Starring: Rick Gianasi, Joe Derrig, Richard Mooney, Mizan Nunez, Jennifer Kanter and Matt Mitler
Director: Tim Kincaid
Producers: Cynthia De Paula and Charles Band
Rating: One of Ten Stars
With one last chance to save the failing security company he inherited from his father, Barney (Derrig) takes a contract to protect the corrupt leader of a small Carribean island from terrorists, voodoo cultists and just about everyone else interested in overthrowing his government. It seems an impossible task, but Barney has help from the company's most valued agent, Waldo Warren (Gianasi), a man of many secrets and talents.
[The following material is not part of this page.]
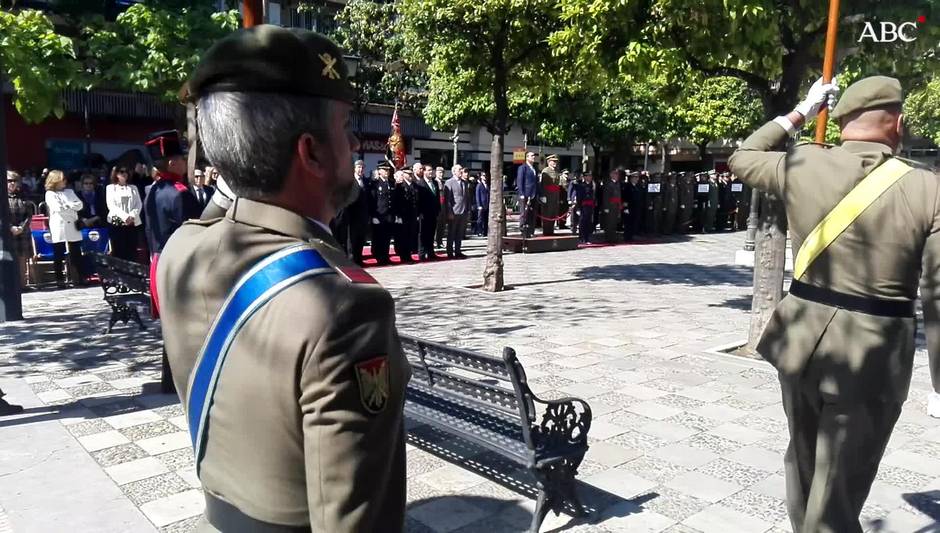 El Ejército rinde homenaje ante Daoíz a los héroes de la Independencia en la plaza de la Gavidia de Sevilla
Behind that cool cover does not lurk a tale invovlving magic and hardboiled detectives. That's a shame, because if there had been that sort of vibe to the film, I might have been able to forgive the wooden and amateurish acting on the part of the entire cast, the lame camera work, the incompetent lighting, the bad sound recording, the awful pacing, and the lack of a coherent story. As it is, this is a film with absolutely nothing to offer.
Okay, that's not entire true. There is the scene where Waldo (whose big secret is not that he's an occultist--that's a different character in the film--but that he's actually a cyborg/robot with guns hidden all throughout his body) shoots several of the film's villains in a public men's room with his fully automatic machinegun penis. It was so completely out of left field that I had to rewind the scene to watch it again, just to make sure that I'd seen what I thought I saw.
This isn't the worst picture that Band has been invovled in--that honor still belongs to "The Killer Eye"--but it is pretty close. Save your time and money, because this one isn't worth either.